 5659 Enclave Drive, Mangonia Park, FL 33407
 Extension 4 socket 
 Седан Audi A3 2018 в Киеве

★ ★ ★ ★ ★

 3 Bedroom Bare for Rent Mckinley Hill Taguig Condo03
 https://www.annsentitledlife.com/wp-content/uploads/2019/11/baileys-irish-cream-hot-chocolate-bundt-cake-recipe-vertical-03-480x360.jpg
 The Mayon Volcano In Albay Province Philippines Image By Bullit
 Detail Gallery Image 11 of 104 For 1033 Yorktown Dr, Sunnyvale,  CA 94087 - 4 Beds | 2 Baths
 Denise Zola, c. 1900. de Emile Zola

★ ★ ★ ★ ★

Please copy, exactly as written, every line in the listing above from the line with "Detail Gallery Image" up to and including the line with "Denise Zola, c. 1900. de Emile Zola".

■ Answer to this exercise
 Detail Gallery Image 11 of 104 For 1033 Yorktown Dr, Sunnyvale,  CA 94087 - 4 Beds | 2 Baths
 Denise Zola, c. 1900. de Emile Zola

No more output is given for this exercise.